Und, obwohl ich behauptet habe, ich könne das Wort Wirtschaftskrise in keinster Weise mehr hören, lässt mich das Thema im Zusammenhang mit Kultur irgendwie jetzt doch nicht mehr los. In der Kultur liegt vieles im Argen, in der Kultur gibt es immer zu wenig Geld und überhaupt jede Menge anderer Probleme. So gesehen befindet sich die Kultur in der Dauerkrise.

Warum dafür nicht einmal jene Instrumente ausprobieren, die die Wirtschaft zur Lösung ihrer Probleme erfolgreich anpreist? Und was liegt da näher als die Verschrottungsprämie? Ja, warum nicht auch eine Verschrottungsprämie für Kultur? Bei näherer Betrachtung gäbe es dabei nämlich jede Menge Anwendungsszenarien, allein der Gedanke daran, lässt meine Phantasie regelrecht davon gallopieren...

Aber denken wir es einmal konkret durch, zum Beispiel anhand von Kunst im öffentlichen Raum. Gerade in diesem Bereich wird ein Grunddilemma zeitgenössischen Kulturschaffens evident: Neues kann immer nur unter erschwerten Bedingungen entstehen weil vorwiegend an Bestehendem festgehalten wird. Das liegt zwar auch am Geld aber vielmehr noch an einer falschen Prämisse: was irgend einmal (wenn überhaupt) zeitgenössisch und somit gültig war muss es nämlich nicht in alle Ewigkeit sein. Wenn es sich dabei dann noch um Kunst im öffentlichen Raum handelt, scheint überhaupt kein Mensch mehr je an die Überprüfung ihrer Aktualität zu denken, sobald sie erst einmal installiert ist. Und so kommt es, dass mit der Zeit der gesamte öffentliche Raum künstlerisch versaut ist. Man denke hierbei nur an all die scheusslichen sogenannten künstlerischen Brunnengestaltungen, die im Laufe der Jahrzehnte unsere Plätze in unseren Städten vollklotzen, von den sonderlichen Bronze-, Stahl- und sonstigen Plastiken ganz zu schweigen. Woher aber sollte jemals der Anreiz kommen, diese obsolete Kunst, und sei sie noch so schlecht oder zumindest nicht mehr auf der Höhe der Zeit zu entfernen um sie durch eine innovative zeitgenössische Arbeit zu ersetzen? Woher, wenn nicht durch die Verschrottungsprämie?

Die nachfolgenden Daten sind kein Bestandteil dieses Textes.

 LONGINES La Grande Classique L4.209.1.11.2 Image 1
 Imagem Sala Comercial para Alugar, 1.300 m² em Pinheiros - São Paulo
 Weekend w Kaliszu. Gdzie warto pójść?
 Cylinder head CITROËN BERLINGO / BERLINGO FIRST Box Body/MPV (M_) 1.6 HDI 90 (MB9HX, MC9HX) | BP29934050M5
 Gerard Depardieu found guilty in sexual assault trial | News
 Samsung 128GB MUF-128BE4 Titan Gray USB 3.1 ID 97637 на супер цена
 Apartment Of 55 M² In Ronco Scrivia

Kunst kann nämlich durchaus ein Verfallsdatum haben und wie ich finde, auch haben dürfen. Begreift man Kunst als Auseinandersetzung an den Themen der Zeit mit den Mitteln der Zeit und Kunstförderung als Risikokapital, das vorwiegend Experimet mit offenem Ausgang im Auge hat, dann wäre Kunst ohnedies im ständigen Wandel und diese Frage würde sich so nicht mehr stellen. Man sollte sich endlich von dem Gedanken trennen, dass Kunst etwas quasi Heiliges ist, einmal geschaffen für die Ewigkeit bestimmt. Bei genauerer Betrachtung verursacht diese durchaus weitverbreitete Haltung nämlich genau nur eines: Stillstand!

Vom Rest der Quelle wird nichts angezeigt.